- _TASK STATEMENT_
An exact copy of the lines from the one containing "BAR H EQUINE" through the final line of the records is the only acceptable answer.

- _INFORMATION GIVEN_
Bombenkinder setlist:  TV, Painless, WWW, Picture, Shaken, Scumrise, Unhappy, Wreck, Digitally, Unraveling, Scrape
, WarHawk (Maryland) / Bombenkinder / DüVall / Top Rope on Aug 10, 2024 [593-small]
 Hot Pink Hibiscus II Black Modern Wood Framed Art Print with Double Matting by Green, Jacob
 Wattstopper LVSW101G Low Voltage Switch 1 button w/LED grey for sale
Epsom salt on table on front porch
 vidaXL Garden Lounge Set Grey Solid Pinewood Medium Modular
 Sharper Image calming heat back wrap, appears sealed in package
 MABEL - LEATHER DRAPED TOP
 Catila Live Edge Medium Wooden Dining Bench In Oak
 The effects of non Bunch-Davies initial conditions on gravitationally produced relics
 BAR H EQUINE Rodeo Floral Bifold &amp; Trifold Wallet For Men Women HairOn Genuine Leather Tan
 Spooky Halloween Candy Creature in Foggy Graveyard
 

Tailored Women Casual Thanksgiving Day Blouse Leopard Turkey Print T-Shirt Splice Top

- _EXPECTED OUTPUT_
 BAR H EQUINE Rodeo Floral Bifold &amp; Trifold Wallet For Men Women HairOn Genuine Leather Tan
 Spooky Halloween Candy Creature in Foggy Graveyard
 

Tailored Women Casual Thanksgiving Day Blouse Leopard Turkey Print T-Shirt Splice Top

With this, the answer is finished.